This week, we share some of our favourite relatable books!
The Absolutely True Diary of a Part-Time Indian
Goodreads rating: 4.11
Arnold Spirit aka Junior is a Native boy who has lived in the Spokane Indian Reservation for a very long time. He’s been picked on and beaten to a pulp for as long as he can remember. Why? Because he’s different. Junior makes the tough decision to leave the reservation and attend an all-white school where he feels even more like an outcast. This is his story.

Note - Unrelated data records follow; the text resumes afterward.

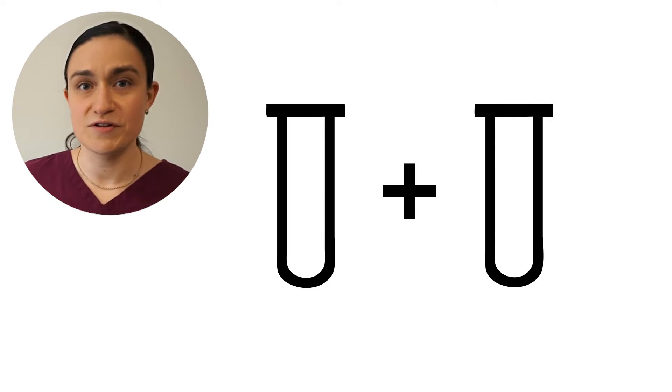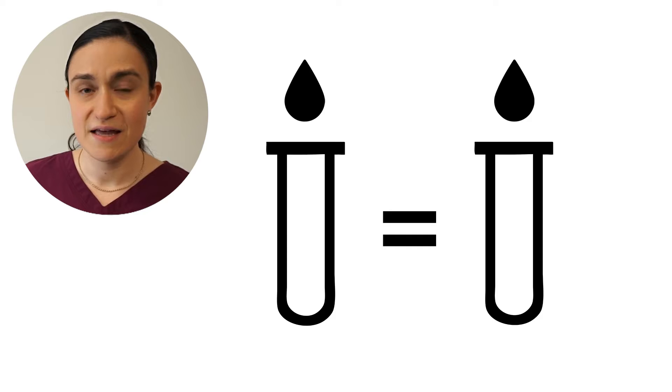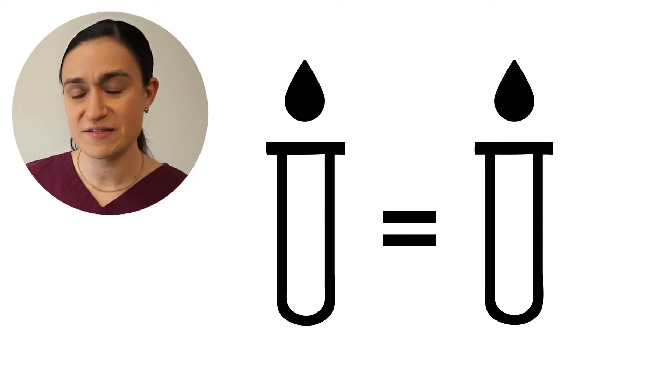Whenever you spin tubes in your SARA-12, you should always make sure the tube load is balanced. It'll help keep your centrifuge running for years to come, and it'll make sure that you get the best results out of every spin. Your first step should be to make sure the tubes themselves are balanced — that means an equal volume of liquid in each tube that you're going to spin.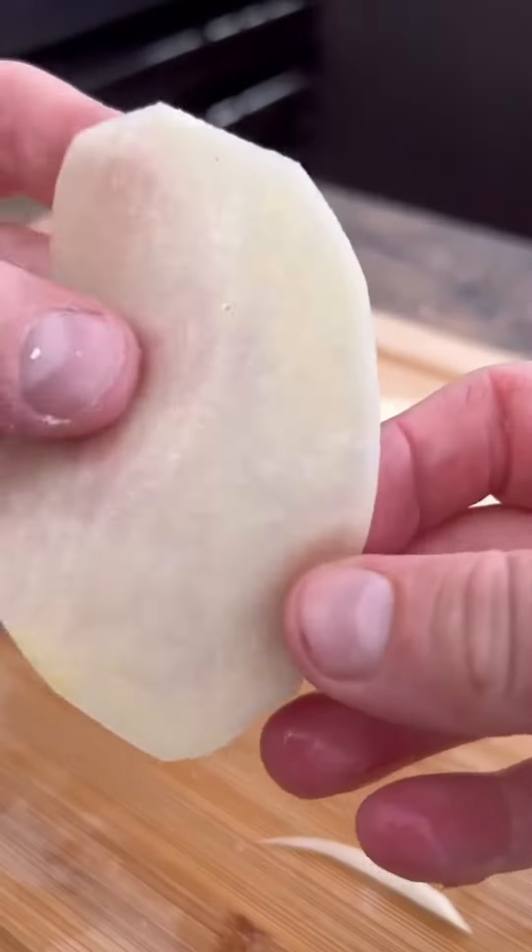We want a lovely crust all over — it's my version of a potato terrine. We want very thinly sliced potatoes; a mandolin will do the best job, but be careful.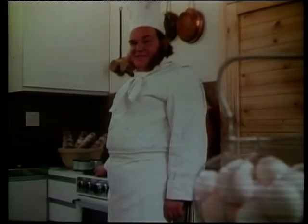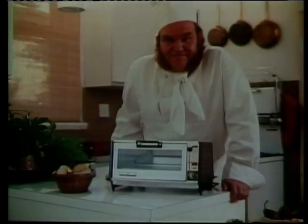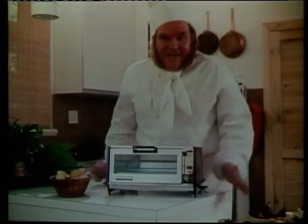Everyone's got one of these. Great for big things like turkeys and large roasts. But boy, don't ordinary ovens take a long time to heat up. So, look at this. Here's your second oven. The GE toaster oven.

What do you know about Native Americans? I’m guessing that aside from learning about colonialism and watching Pocahontas, not a lot. That was me before I read this book too. This book is a real eye-opener and is largely based on Sherman Alexie’s own experiences. If you’ve ever felt like giving up, this book is for you. It will teach you about hope and how happiness can be found in the most unlikely places.
Revenge of the Girl With the Great Personality
Goodreads rating: 3.63
Everyone loves Lexi. Who wouldn’t? She’s got a great personality. But she’d rather be one of those pretty girls who boys open doors for or follow around with their eyes. She’s sick of being taken for granted by her family and friends. It’s time to step away from the sidelines and stand up for herself.

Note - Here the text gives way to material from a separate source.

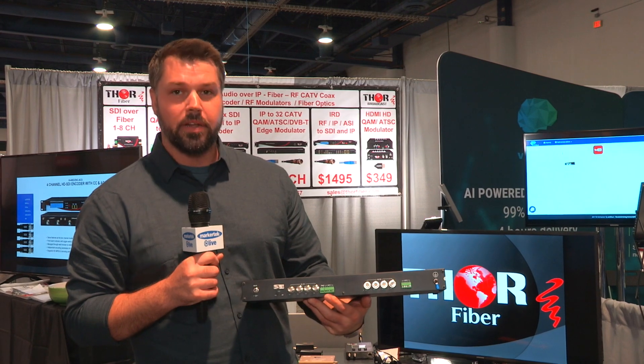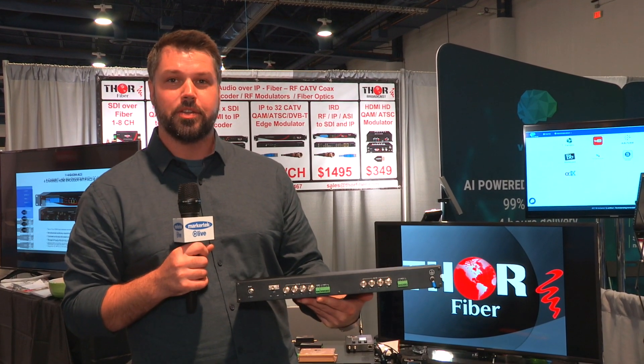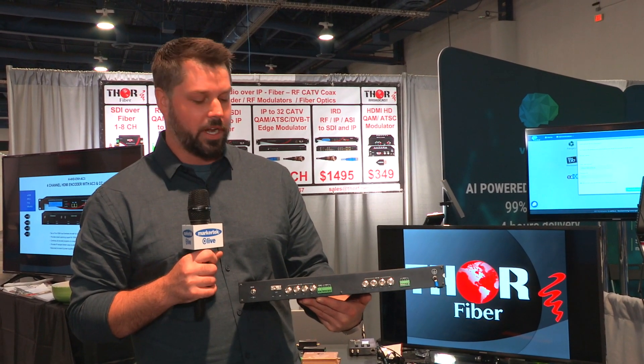They also include return RS-485 and an auxiliary capability for expansion into RS-232, RS-422, or unidirectional or bidirectional audio.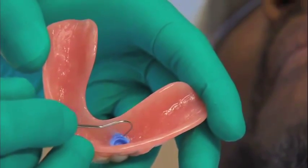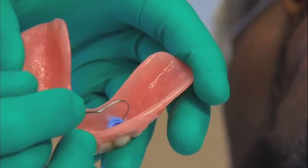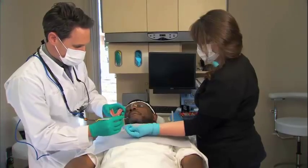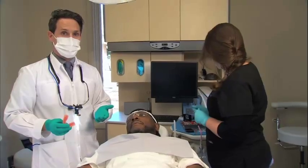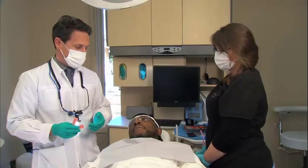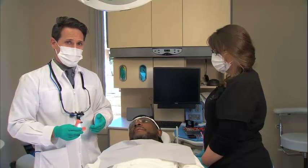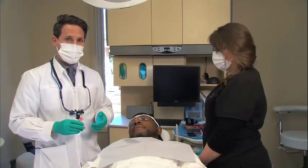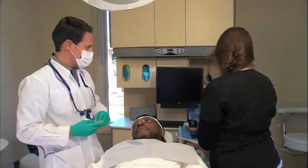This stuff comes out fairly easily — all I have here is just an explorer and it's going to pop right out. Now that we know we have enough clearance, one of the biggest fears as a dentist is having the denture locked onto the implant. We can use the Fit Test CNB around the attachment to seal up the area between the implant and the attachment so no material flows there.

Although a major theme in the book is inner and outer beauty, it’s so much more than that. It follows Lexi’s struggles as a teenager trying to find her place in an unfair world. I usually avoid books which have a rating lower than 3.8 on Goodreads but this book definitely exceeded my expectations. If you’re a person who’s sick of being complimented on your “personality” or being taken for granted, this book is for you.
American Born Chinese
Goodreads rating: 3.88
When his family moves to a mostly white suburb, Jin Wang finds that he’s the only Chinese-American student at his school. He is picked on and bullied, and worst of all, has fallen in love with an American girl.

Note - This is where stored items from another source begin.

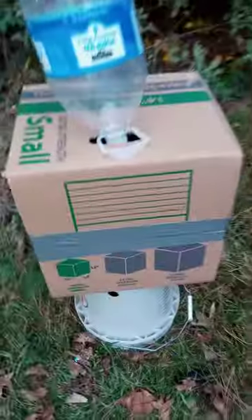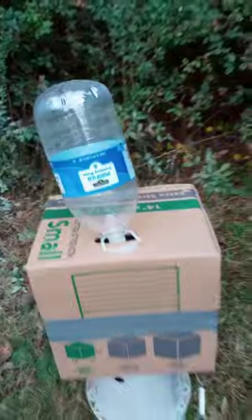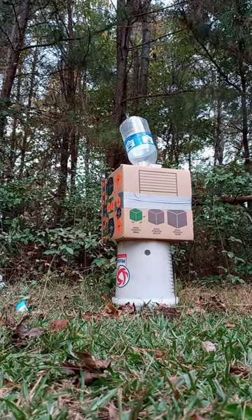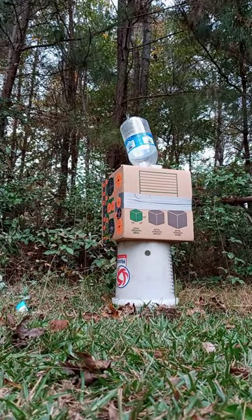All right, set her up, put her in there — I just put it in the box hole so it holds it up. And now let's see what this bad boy's gonna do. Y'all ready to see what this gallon jug's gonna do pressurized?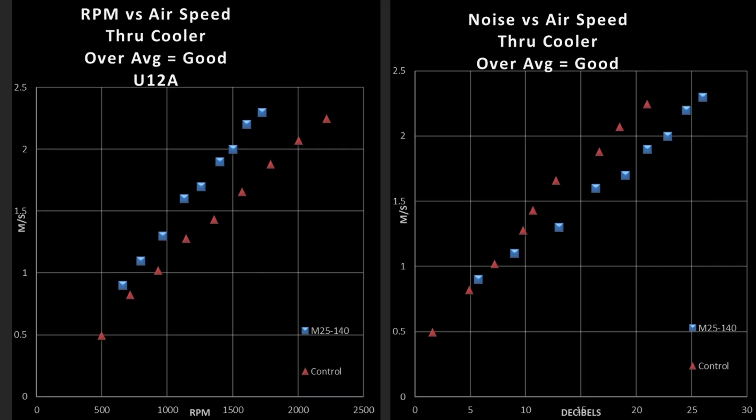Now on to performance through my CPU air cooler, the Noctua U12A. I do have a thicker radiator now — the Nemesis GTX 140, I think it is. It's fairly thick, high density, and the air speed going through it is equivalent to through my air cooler, so I'm not posting those results at this time as I don't have enough of a data set. In terms of blade efficiency — RPM versus air speed — it is a very efficient blade design. It's beating out my control fan.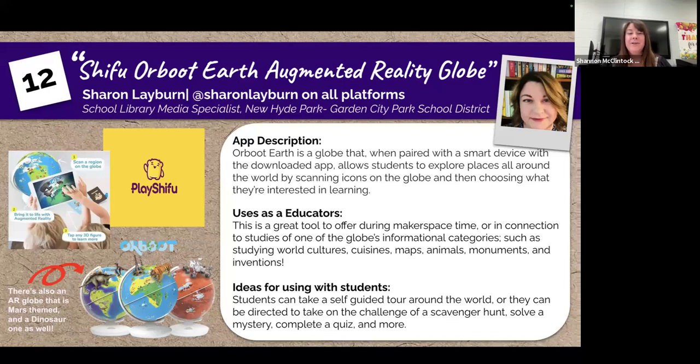I teach children from kindergarten through sixth grade, and this year I am excited to introduce my students to Orboot Earth, an interactive augmented reality globe from Play Shifu.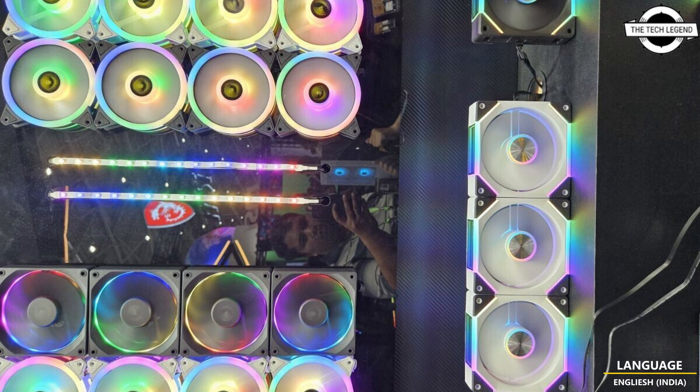These new models are advertised as an advanced cooling solution with a range of innovative features. They feature a cable-free DC-chain design for easy cable management and a swappable fan blade for customized airflow.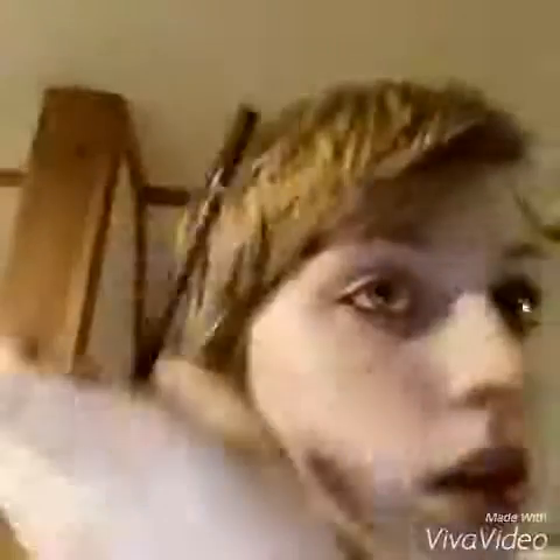I always start with my eyeliner, no matter what. This will be a little hard. I always put it on my inner line. It's a little hard. I always rub it off like this, and then get most of the excess off. There — I already got my eyeliner.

The Monkey King is loved by his subjects and has mastered all of the heavenly disciples. He doesn’t just want to be a king, he desires to be a God.
Danny is a “normal” American boy. However, he’s terribly embarrassed with his Asian cousin, Chin-Kee, who visits every year. Yang weaves three narratives into one unique masterpiece which is American Born Chinese.
Although this book is specifically about Chinese immigrants, I would recommend it for those who feel that they don’t belong and who crave to fit in. As an Indian immigrant myself, I could totally relate to the characters’ experiences (not so much the Monkey King but you get the idea).
Goodreads rating: 3.94
When Juli Baker first set eyes on Bryce Loski, she flipped (yes, I know it’s the title of the book). When Bryce first set eyes on Juli, he ran as fast as he could. This goes on until eighth grade when Juli realises that Bryce isn’t as amazing as she first thought, and Bryce realises that Juli is a pretty great person.
This is an absolutely adorable story about looking past the surface and learning about what love is really about. There’s also a great film adaptation. Recommended for those who’ve ever experienced having a crush (so a lot of you, then).
Goodreads rating: 4.09
Tales of a Fourth Grade Nothing is the first book in the Fudge series. Peter Hatcher is infuriated by his younger brother, Fudge, because he is frequently in the limelight and is NEVER punished for his mischievous behaviour. From throwing temper tantrums to abstaining from eating altogether, this book shows all of the classic antics that siblings go through at some point.
If you have any annoying siblings, you’ll totally relate to the characters of this series. The books are absolutely hilarious and definitely a must-read. Plus, they’re in the library too.